# 🗃️ Vector Database: The Heart of Educational RAG

This notebook shows you how to build and use vector databases that power intelligent educational platforms like Canopy.

You've already deployed Milvus through GitOps - now let's see how it works! We'll convert course content into searchable vectors and demonstrate how students can find relevant materials by meaning, not just keywords.

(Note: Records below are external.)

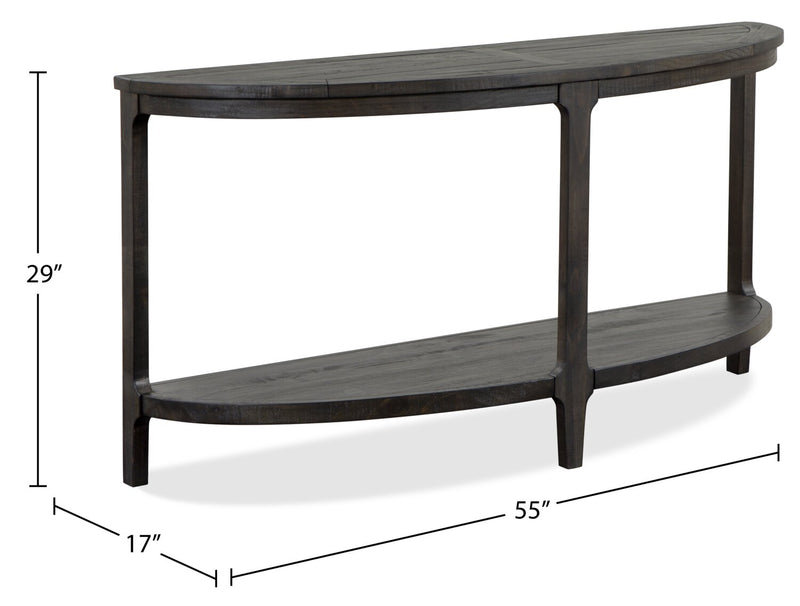 Axl 55\" Traditional Sofa Table with Shelf - Dark Grey-Brown Wood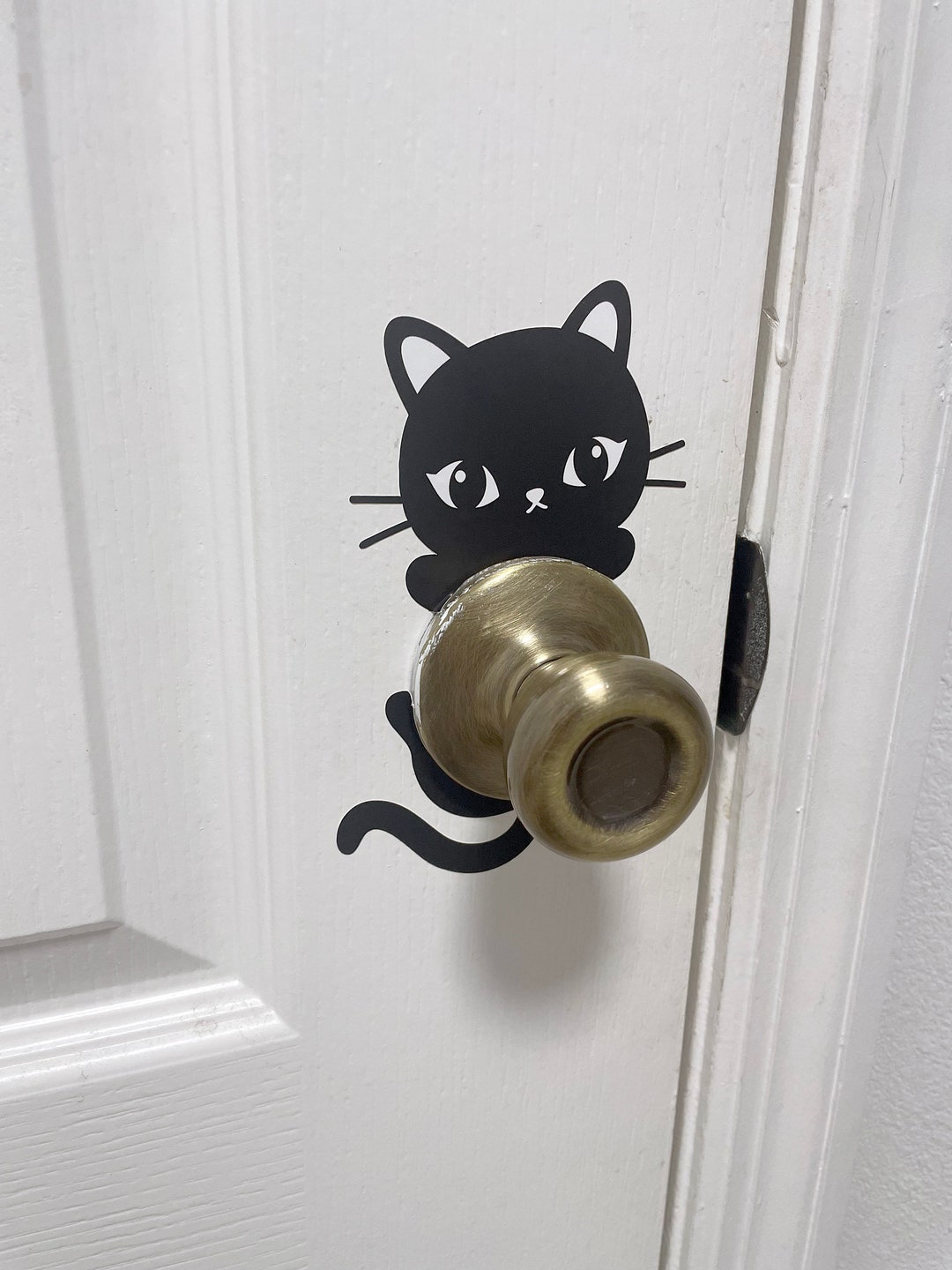 Hanging Kitten Door Decal Sticker Cat Door Knob Wall Decal. Funny Cat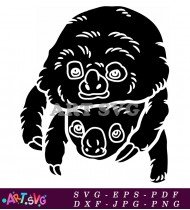 Silhouette Of Sloth Mother And Baby SVG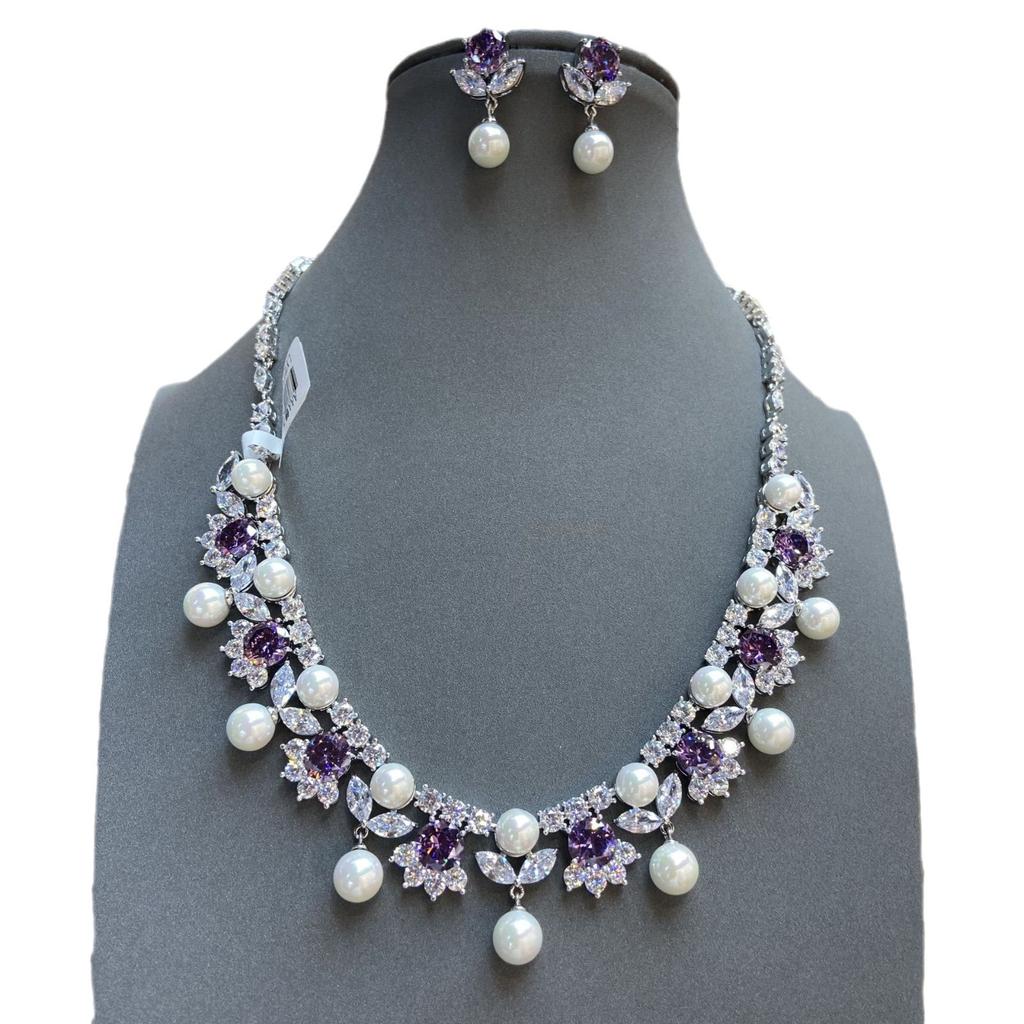Purple Crystal Zircon Necklace Full Diamond Flower Earrings Banquet Exquisite Accessories Bridal Accessories Set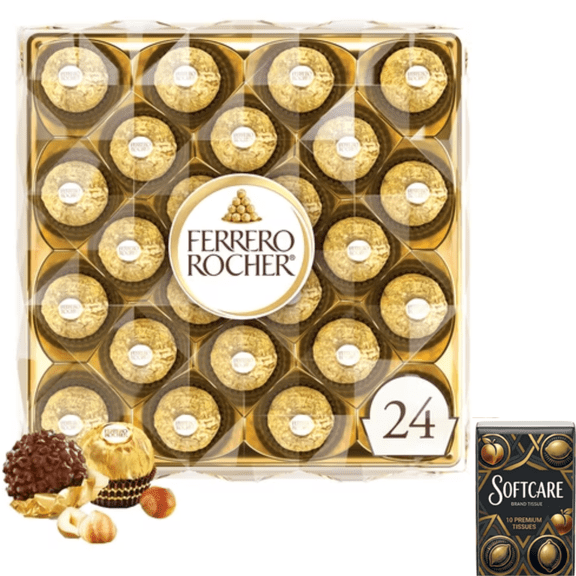 Ferrero Rocher Gourmet Hazelnut Milk Chocolate Gift Box, 24 Individually Wrapped Chocolates, 10.6 oz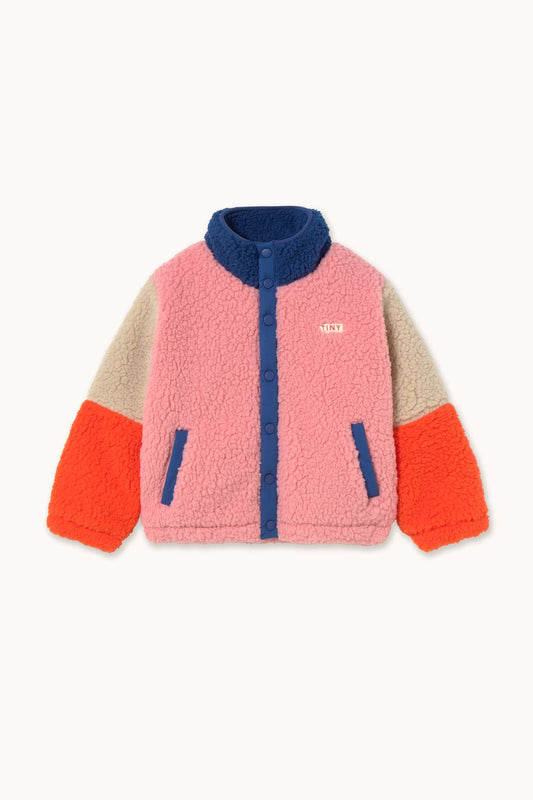 Tiny Cottons Color Block Polar Sherpa Jacket Dark Blue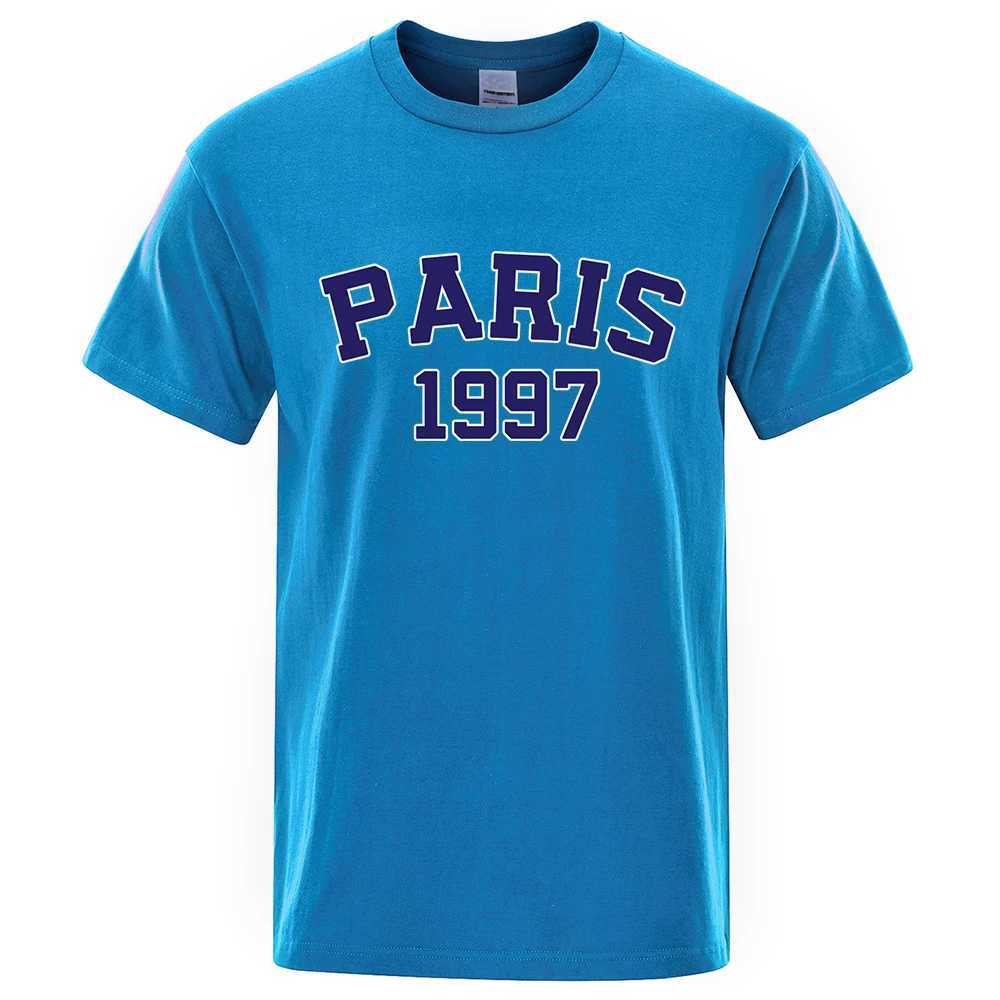 T-shirts masculins Paris 1997 Strt City Letter T-shirts Fashion Men Tshirs respirant design d'été T-shirts de luxe en coton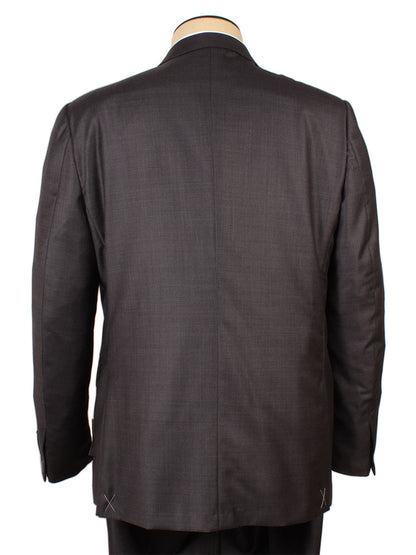A mannequin displays the back of a Zegna TicWeave Charcoal Trofeo™ Wool Suit, made in Italy, highlighting visible stitching on the jacket vents.
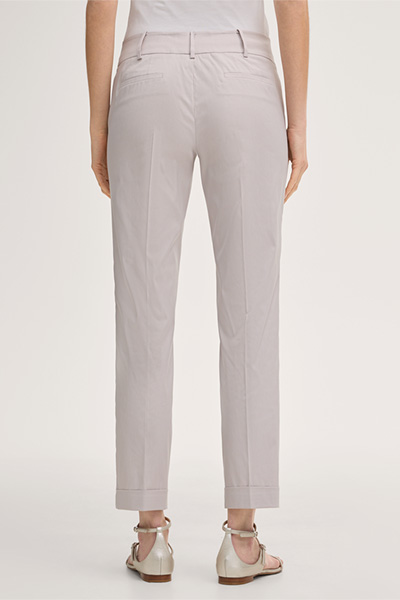 Cotton stretch suit trousers with turn-ups in beige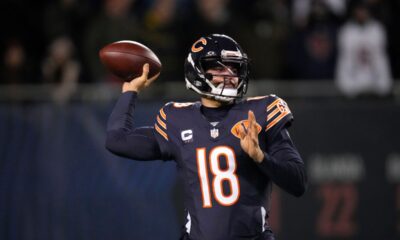 Chicago Bears quarterback Caleb Williams throws a pass during the second half of an NFL football game against the Detroit Lions, Sunday, Jan. 4, 2026, in Chicago. (AP Photo/Erin Hooley)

Let's build your vector database! 🚀

## 📦 Install Required Packages

Install the Python packages needed for this lab.

In [None]:
# Step 1: Install necessary libraries (run in a cell if needed)
!pip install -q pymilvus==2.5.0 sentence-transformers==3.0.1 scikit-learn==1.4.2 matplotlib==3.8.4 marshmallow==3.20.2 boto3==1.34.103 docling==2.39.0 huggingface-hub==0.33.2 langchain-core==0.3.68 langchain-openai==0.3.27

Collecting pymilvus==2.5.0
  Downloading pymilvus-2.5.0-py3-none-any.whl.metadata (5.7 kB)
Collecting sentence-transformers==3.0.1
  Downloading sentence_transformers-3.0.1-py3-none-any.whl.metadata (10 kB)
Collecting scikit-learn==1.4.2
  Downloading scikit_learn-1.4.2-cp311-cp311-manylinux_2_17_x86_64.manylinux2014_x86_64.whl.metadata (11 kB)
Collecting matplotlib==3.8.4
  Downloading matplotlib-3.8.4-cp311-cp311-manylinux_2_17_x86_64.manylinux2014_x86_64.whl.metadata (5.8 kB)
Collecting marshmallow==3.20.2
  Downloading marshmallow-3.20.2-py3-none-any.whl.metadata (7.5 kB)
Collecting boto3==1.34.103
  Downloading boto3-1.34.103-py3-none-any.whl.metadata (6.6 kB)
Collecting docling==2.39.0
  Downloading docling-2.39.0-py3-none-any.whl.metadata (10 kB)
Collecting huggingface-hub==0.33.2
  Downloading huggingface_hub-0.33.2-py3-none-any.whl.metadata (14 kB)
Collecting langchain-core==0.3.68
  Downloading langchain_core-0.3.68-py3-none-any.whl.metadata (5.8 kB)
Collecting langchain-open

## 📚 Import Libraries

Import the tools we'll use for vector database operations.

In [None]:
# Import libraries for vector database operations
from pymilvus import connections, utility, Collection, CollectionSchema, FieldSchema, DataType
from sentence_transformers import SentenceTransformer
from sklearn.metrics.pairwise import cosine_similarity
import matplotlib.pyplot as plt
from sklearn.decomposition import PCA

## 🗃️ Populate Your Vector Database

Let's connect to Milvus and set up a collection to store course content as searchable vectors.

We'll use the `all-MiniLM-L6-v2` embedding model which creates 384-dimensional vectors. The vector dimensions must match your chosen embedding model exactly! There are many different embedding models available on Hugging Face - check the **[Embedding LLM Leaderboard](https://huggingface.co/spaces/mteb/leaderboard)** to compare them.

`all-MiniLM-L6-v2` isn't the top performer, but it's one of the best in its size class and downloads/runs quickly for this lab.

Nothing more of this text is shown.